[[ Material to process, beginning ]]
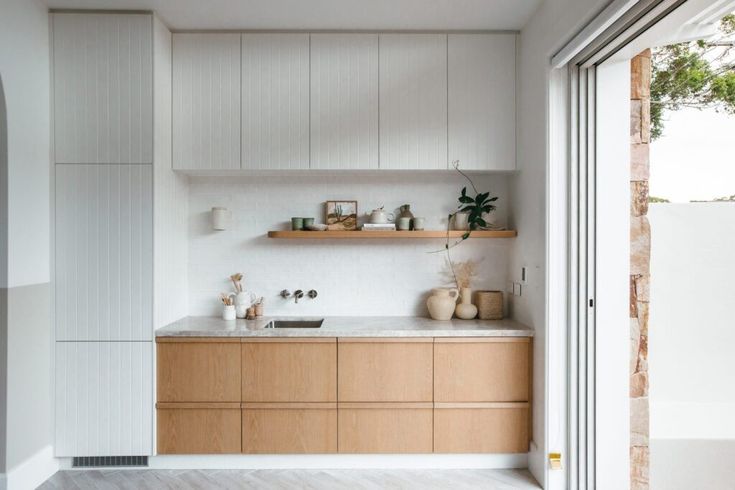 a kitchen with white walls and wooden cabinets next to a sliding glass door that leads outside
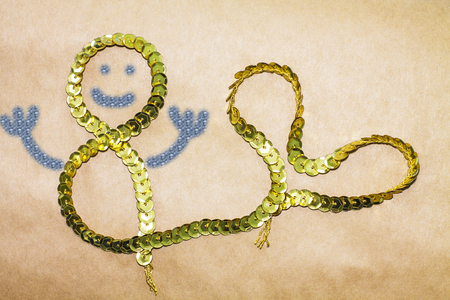 March 8. Funny stylization of a mermaid from decorative tape on the brown background.の写真素材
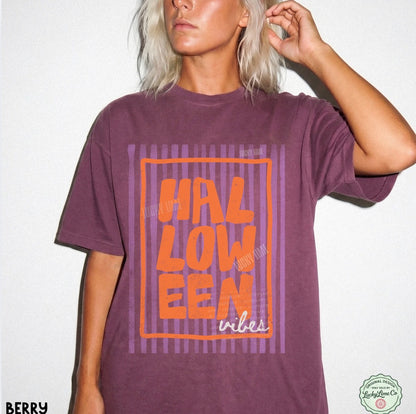 Person wearing a berry colored  t-shirt with 'HALLOWEEN vibes' in orange text on a white background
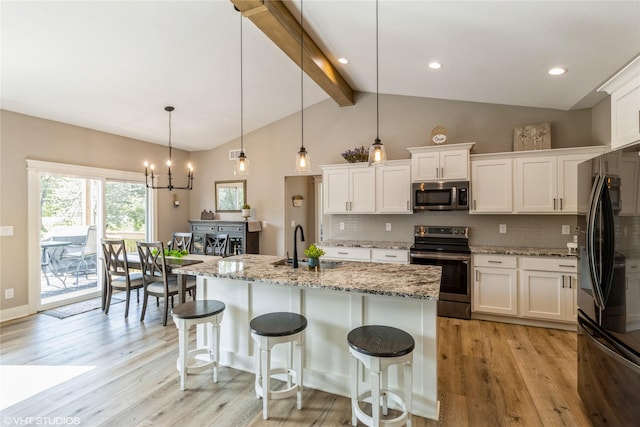 kitchen featuring appliances with stainless steel finishes, decorative light fixtures, white cabinetry, backsplash, and beam ceiling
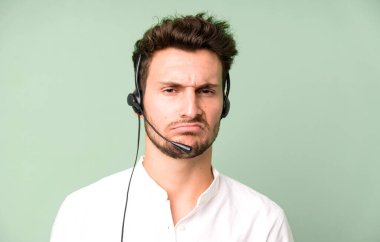 Operatör kulaklığı ve mikrofonuyla izole edilmiş genç yakışıklı bir adam. tele pazarlama kavramı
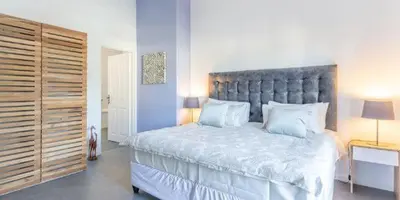a bedroom with a large bed with a large headboard at The Views Guesthouse in Somerset West
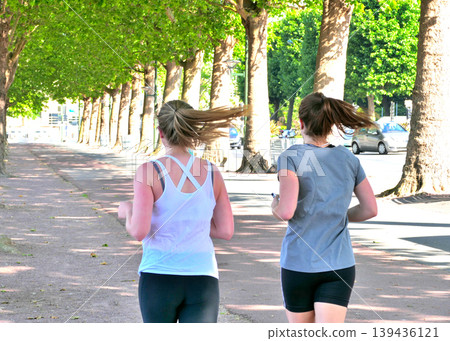 Two women running along a tree-lined street. 139436121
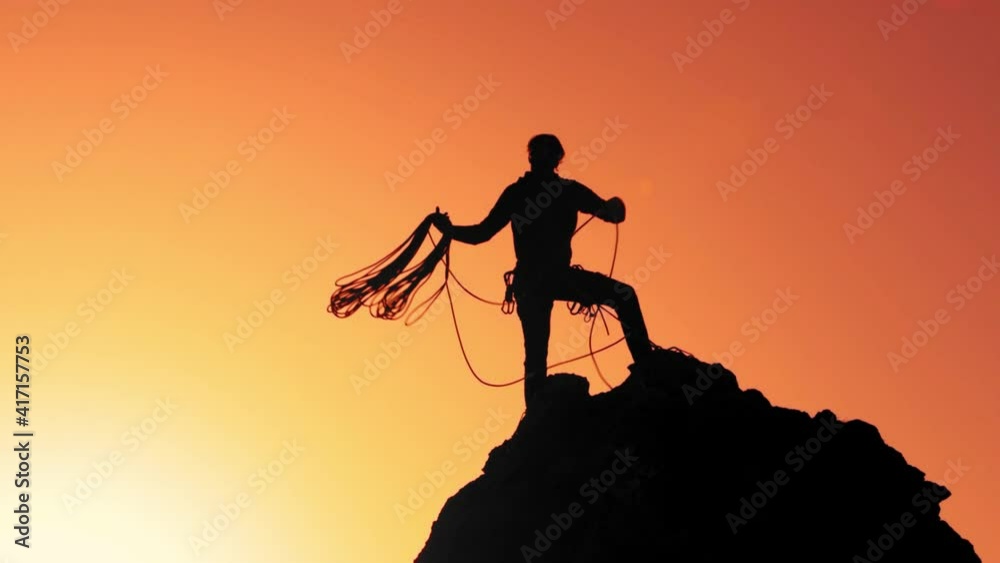 A climber on top of the rock prepares the rope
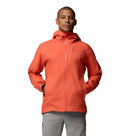 A person wears a bright orange Columbia Mens Trailborne 2.5L Waterproof Shell Jacket with front zipper and pockets, paired with light gray pants, standing facing forward against a plain white background.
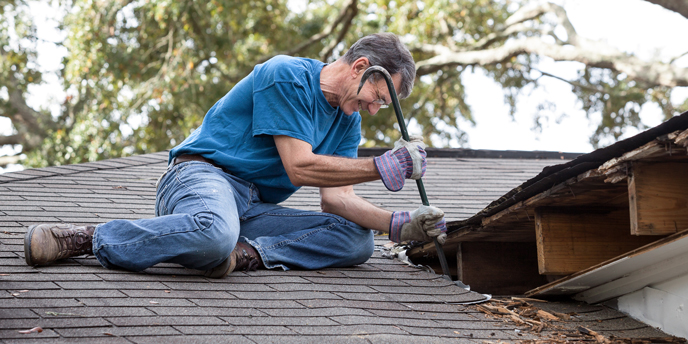 Man With Crowbar Repairing Leaky Roof
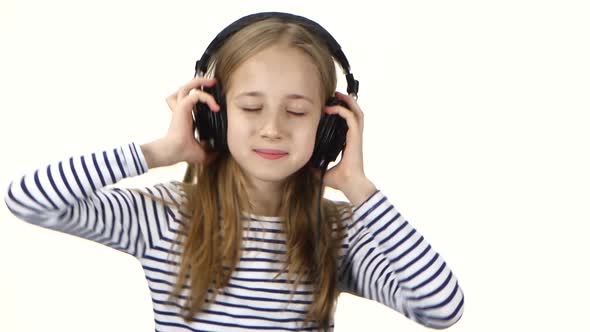 Teenager Girl Listens Music on Headphones and Dances, Close Ups alt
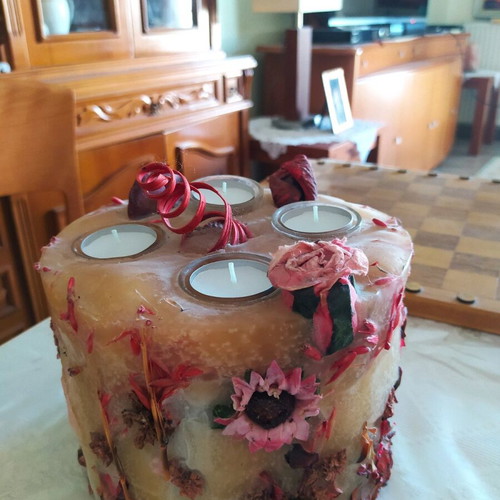 Decorative candle with dried flowers used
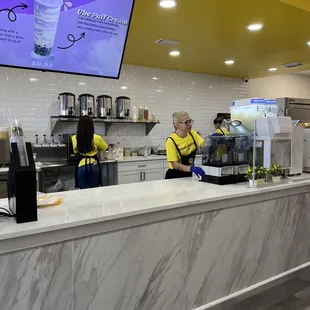two people working at the counter
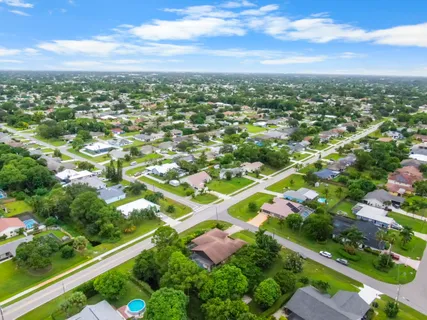an aerial view of residential houses with outdoor space and street view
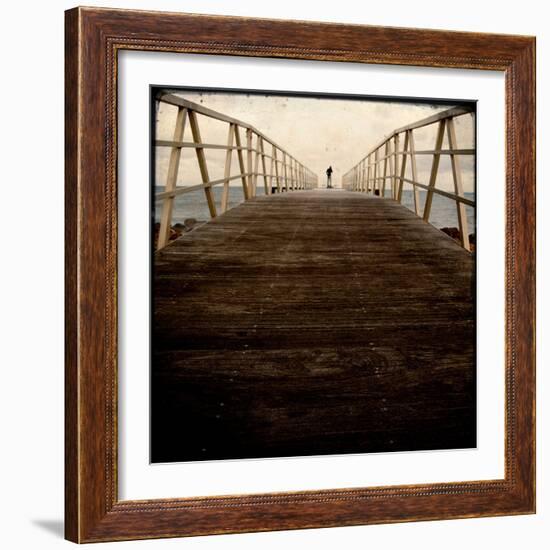 A Long Wooden Walkway at the Sea with a Figure Standing in the Distance-Luis Beltran-Framed Photographic Print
[[ Material to process, end ]]
- _What to do_
Lines from the start of the listing above through the line holding "Person wearing a" are to be duplicated exactly, and nothing more; leave out the pictures.

- _Exercise output_
 a kitchen with white walls and wooden cabinets next to a sliding glass door that leads outside
 March 8. Funny stylization of a mermaid from decorative tape on the brown background.の写真素材
 Person wearing a berry colored  t-shirt with 'HALLOWEEN vibes' in orange text on a white background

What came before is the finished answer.